What you should do: Once the line holding "Air Jordan 4 Military Black (GS)" is found in the entries below, transcribe exactly every line up to and including the one holding "3 otaqlı yeni tikili - İnşaatçılar m. - 95 m²", but leave out the pictures.

Extracted material:
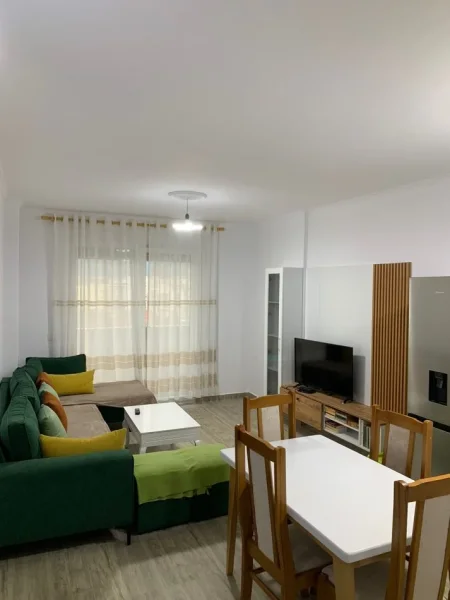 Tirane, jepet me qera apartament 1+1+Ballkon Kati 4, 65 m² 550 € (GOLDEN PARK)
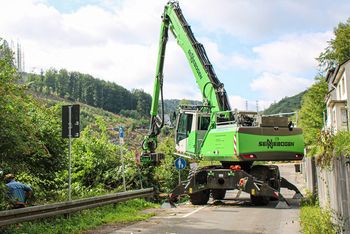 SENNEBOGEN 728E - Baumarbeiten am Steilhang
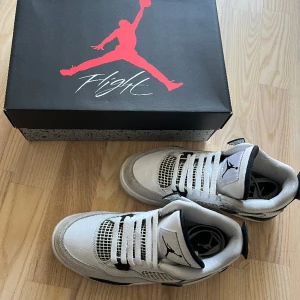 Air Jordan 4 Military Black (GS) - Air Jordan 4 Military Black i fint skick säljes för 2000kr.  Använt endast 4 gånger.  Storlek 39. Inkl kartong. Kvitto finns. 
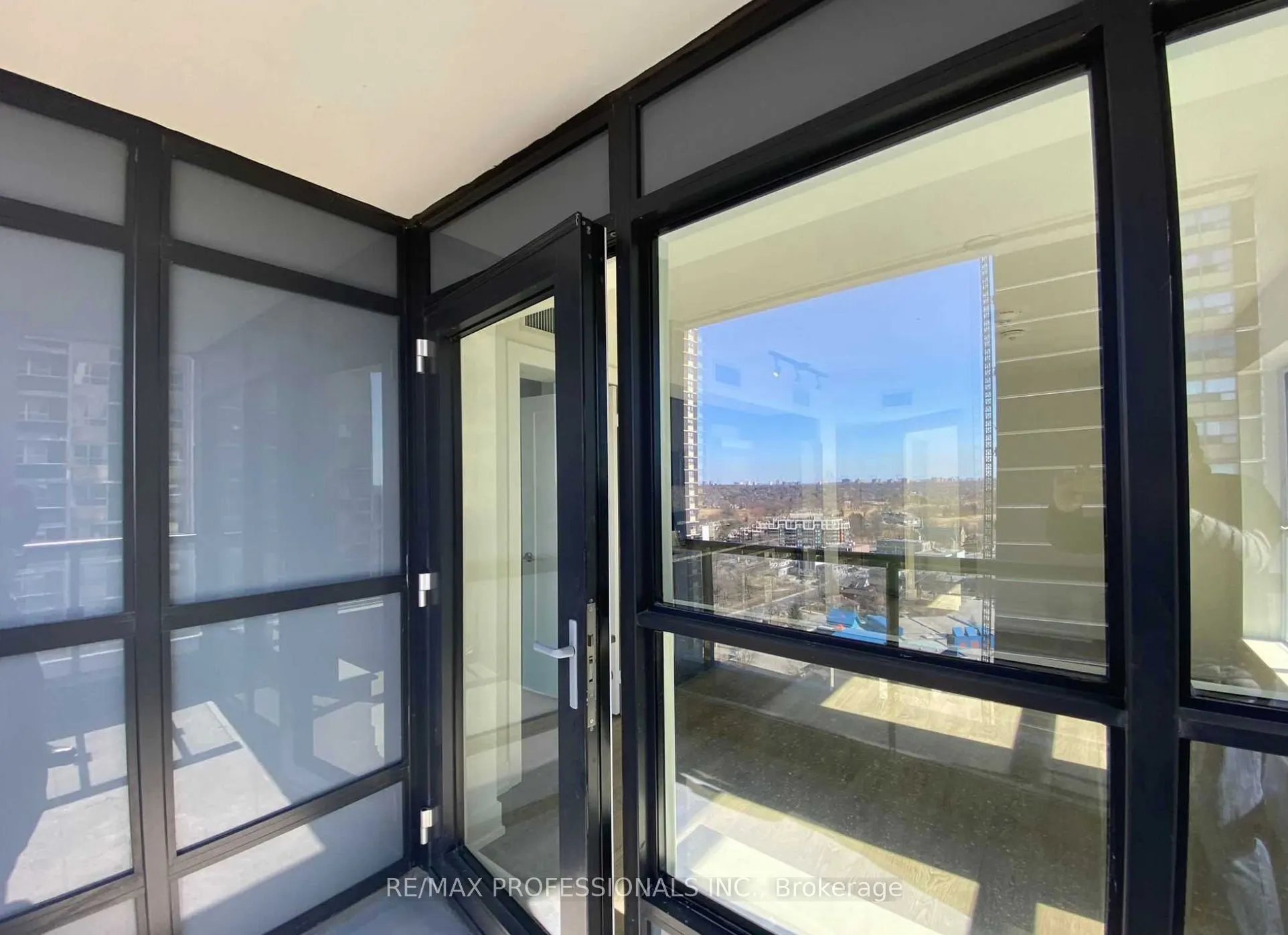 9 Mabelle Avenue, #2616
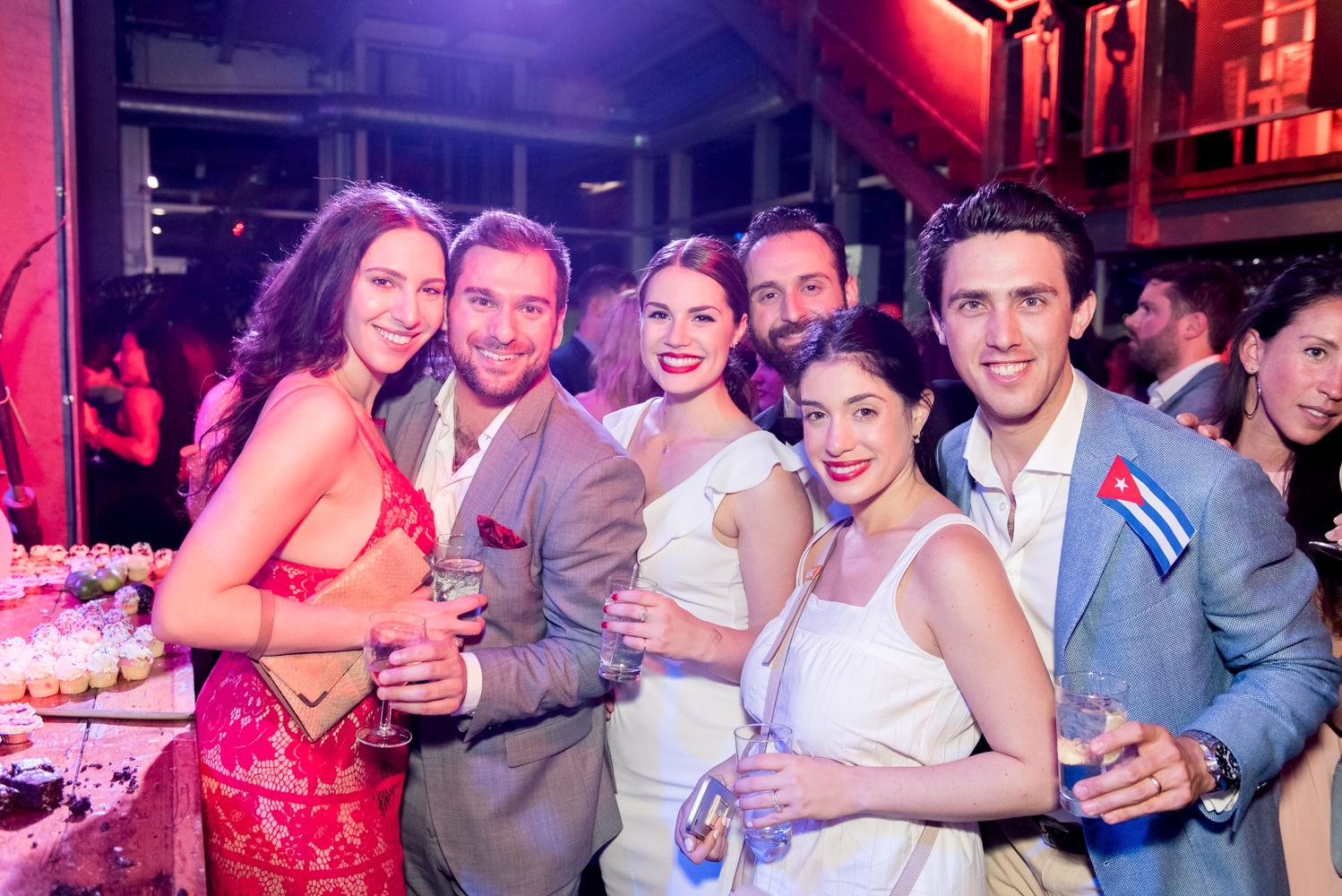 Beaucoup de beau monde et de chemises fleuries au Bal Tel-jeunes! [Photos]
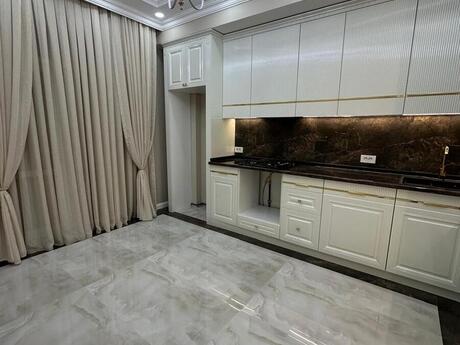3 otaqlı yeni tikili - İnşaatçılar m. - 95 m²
* * *
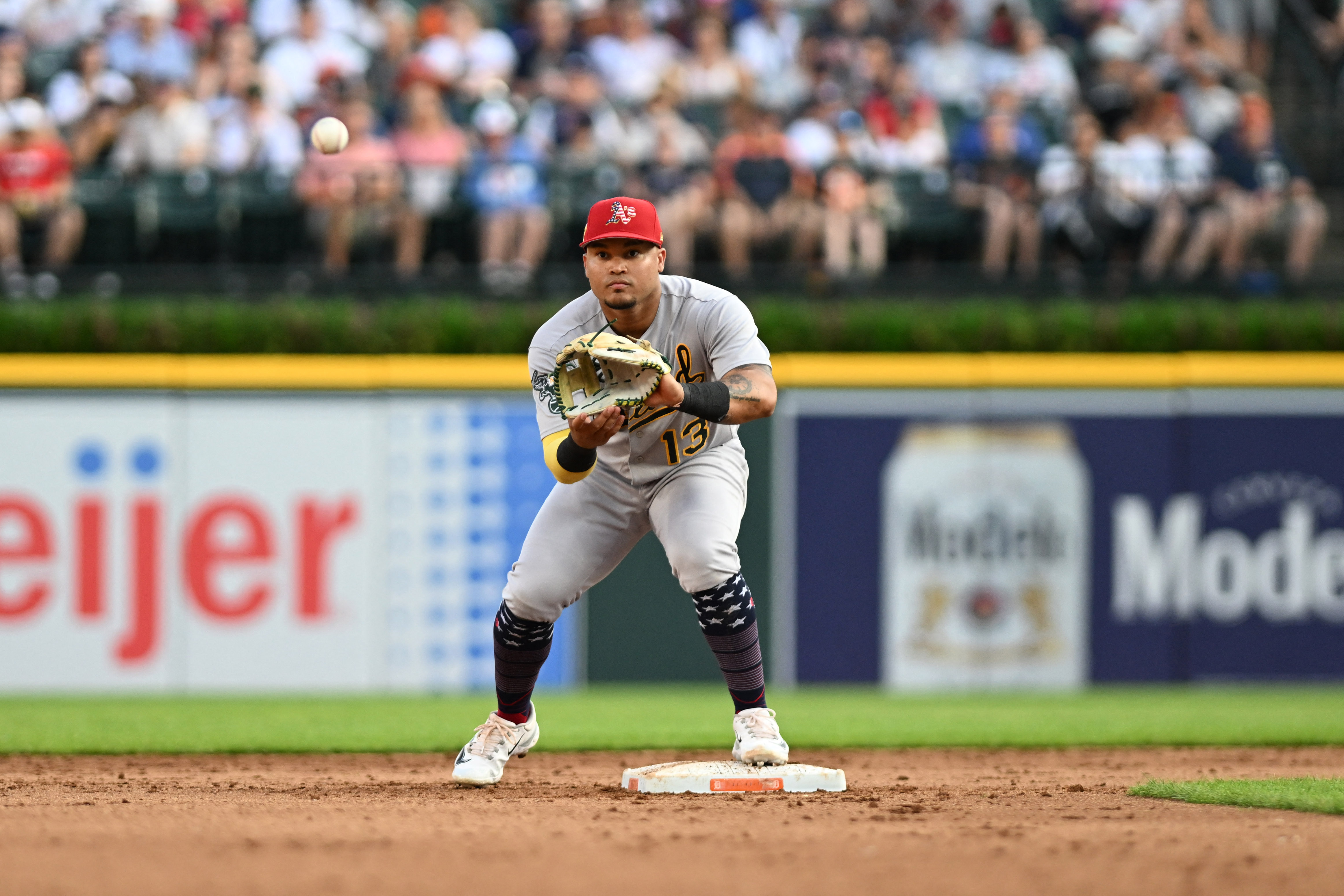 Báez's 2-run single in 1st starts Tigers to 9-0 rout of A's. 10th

Reply to the task:
 Air Jordan 4 Military Black (GS) - Air Jordan 4 Military Black i fint skick säljes för 2000kr.  Använt endast 4 gånger.  Storlek 39. Inkl kartong. Kvitto finns. 
 9 Mabelle Avenue, #2616
 Beaucoup de beau monde et de chemises fleuries au Bal Tel-jeunes! [Photos]
3 otaqlı yeni tikili - İnşaatçılar m. - 95 m²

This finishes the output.